#### [What you have to do]
Where the records below begin, start copying, and stop after the line that contains "Wisconsin Lake Home"; reproduce every line exactly but omit pictures.
Exercise inputs START
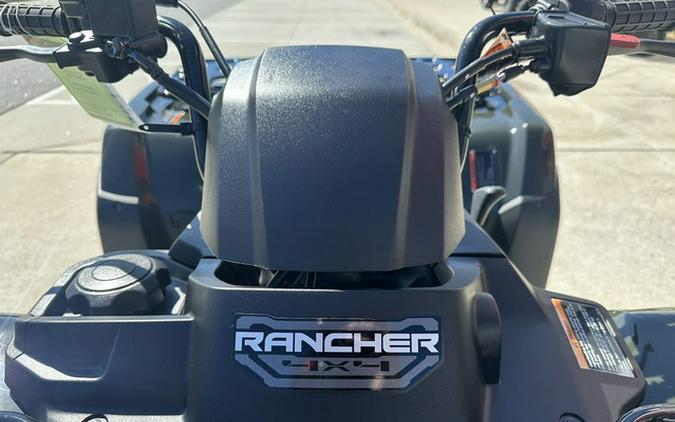 2027 Honda FourTrax Rancher 4X4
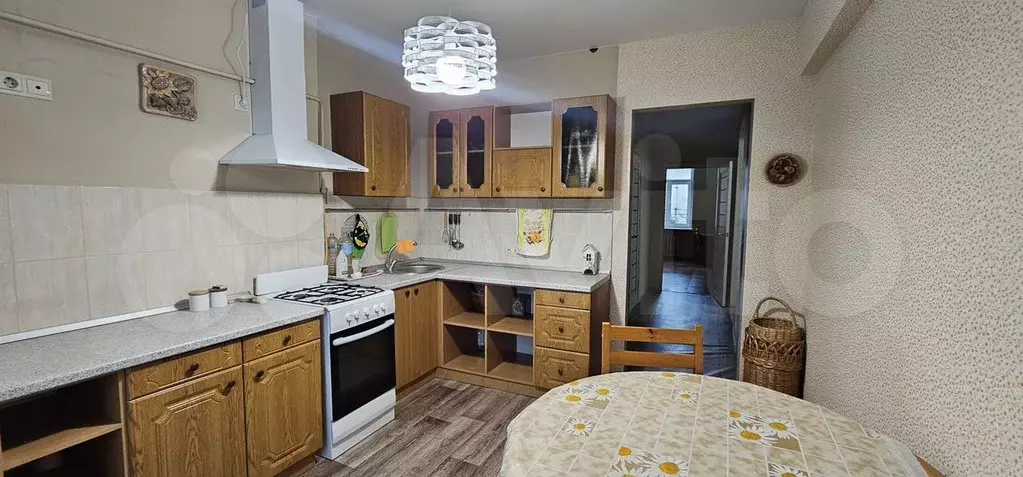 1-к. квартира, 36 м, 2/5 эт. - Фото 0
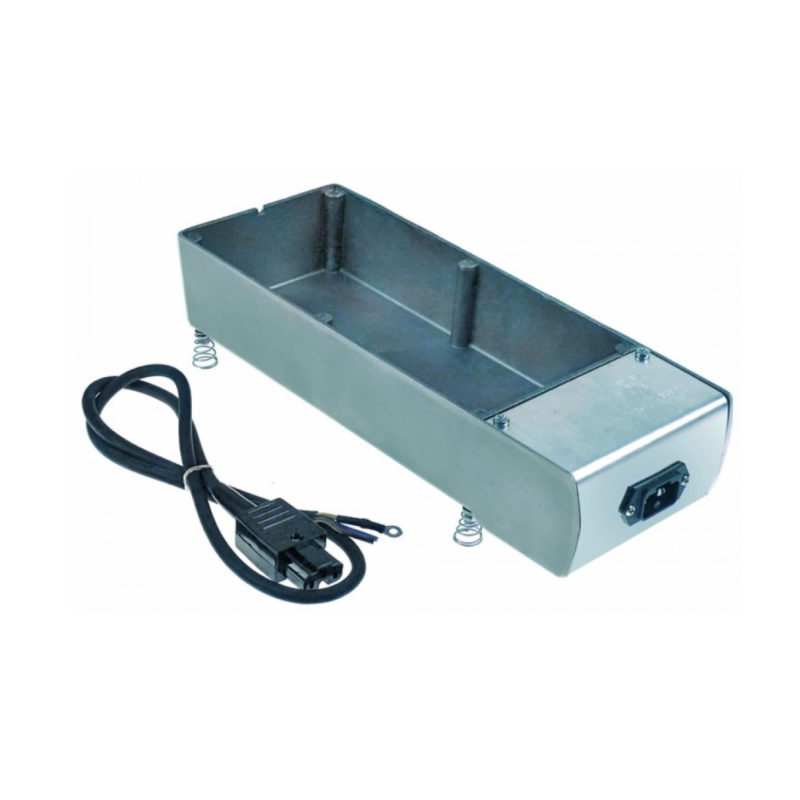 Bandeja evaporación bde 300w 230v 320x120mm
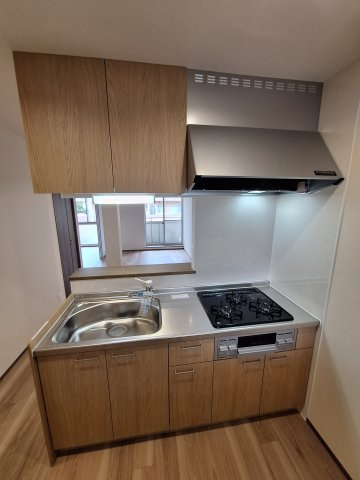 ORCHARD HOUSEの浴室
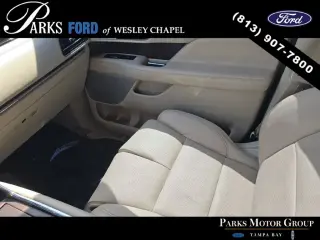Lincoln Navigator 2021 4x2 Reserve 4dr SUV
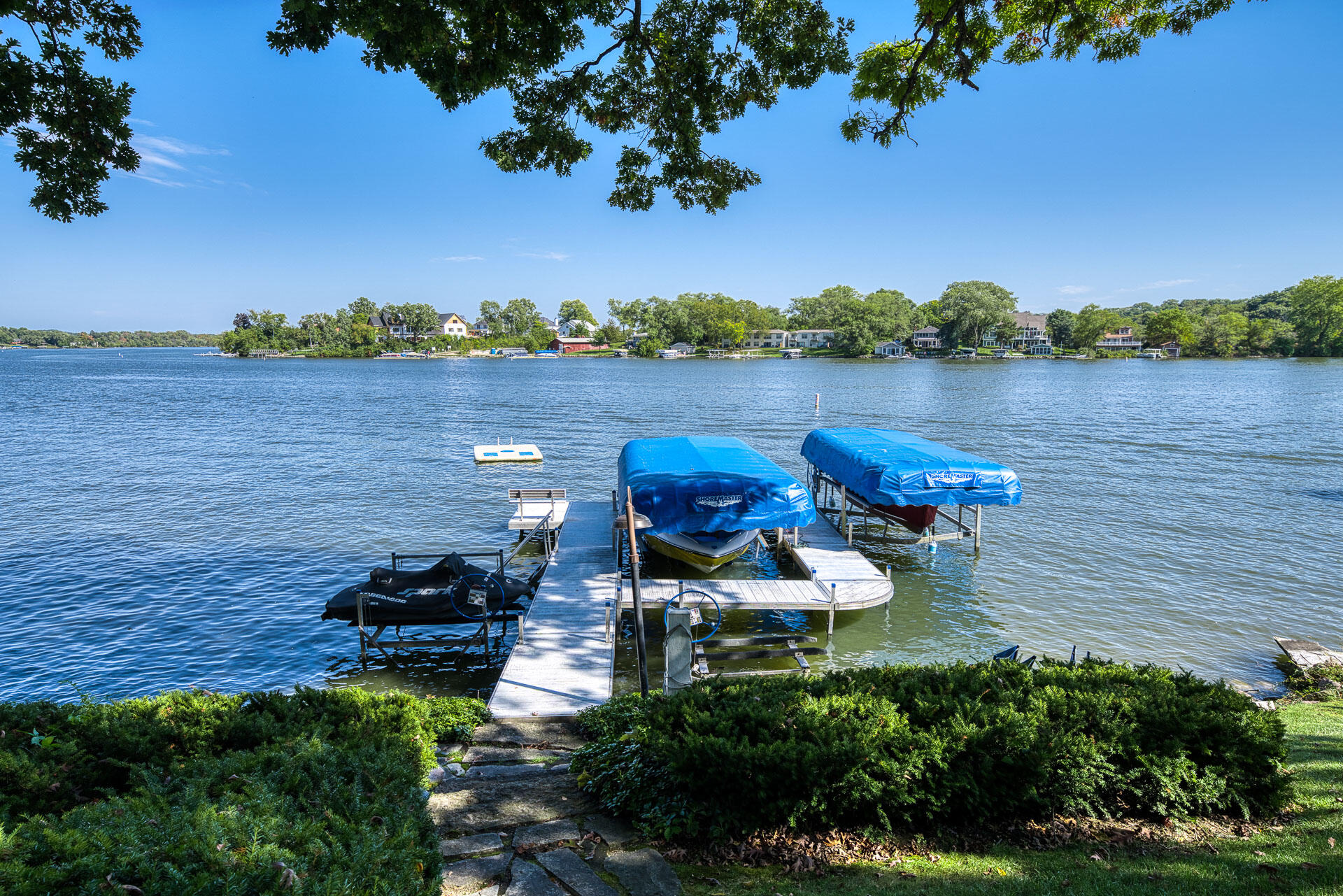 Wisconsin Lake Home for sale (MLS#: 1863566) at N7294  Krahn Dr, in Whitewater, Wisconsin. (74 of 89)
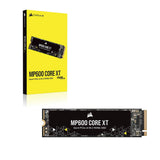 Hard Drive Corsair MP600 CORE XT Internal Gaming SSD QLC 3D NAND 1 TB 1 TB SSD-1
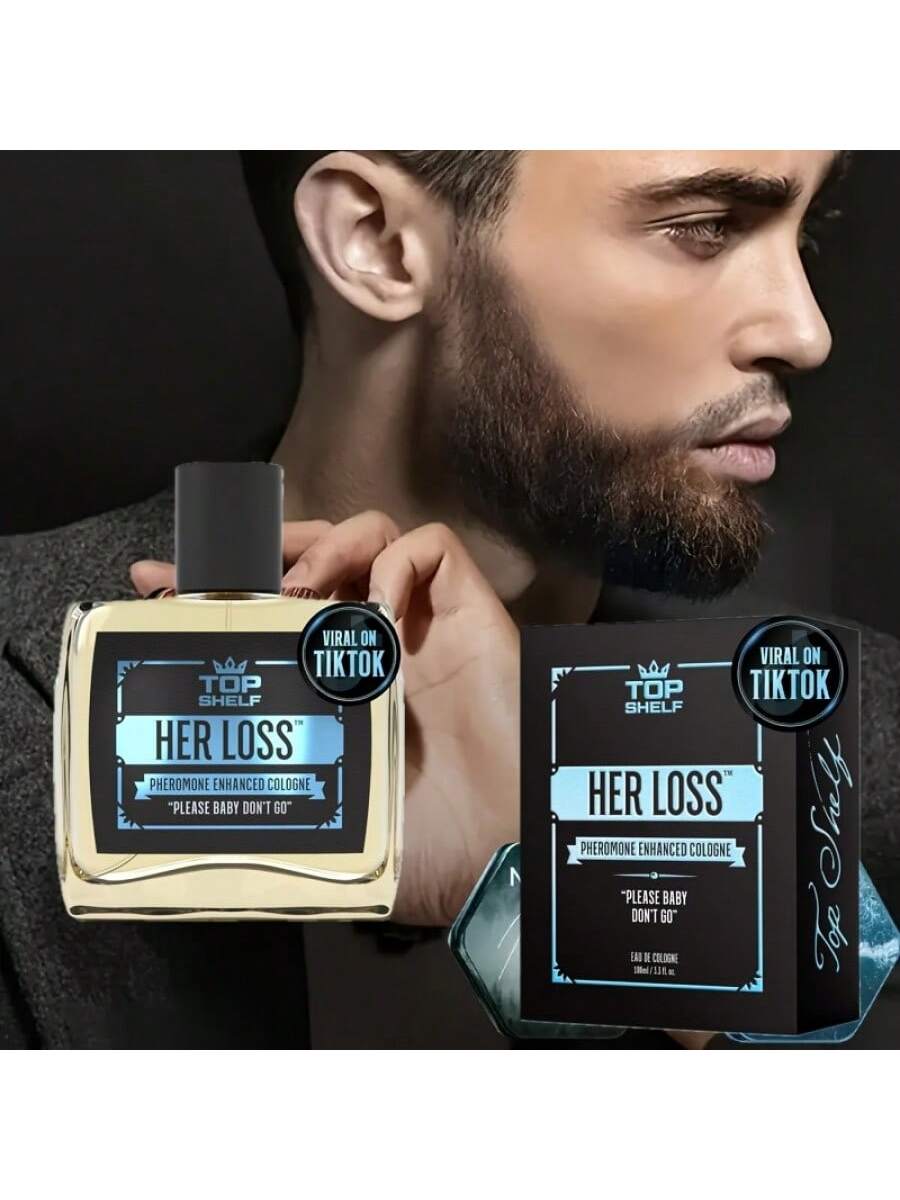 Her Loss Pheromone Perfume Men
Exercise inputs END
#### [Written solution]
 2027 Honda FourTrax Rancher 4X4
 1-к. квартира, 36 м, 2/5 эт. - Фото 0
 Bandeja evaporación bde 300w 230v 320x120mm
 ORCHARD HOUSEの浴室
Lincoln Navigator 2021 4x2 Reserve 4dr SUV
 Wisconsin Lake Home for sale (MLS#: 1863566) at N7294  Krahn Dr, in Whitewater, Wisconsin. (74 of 89)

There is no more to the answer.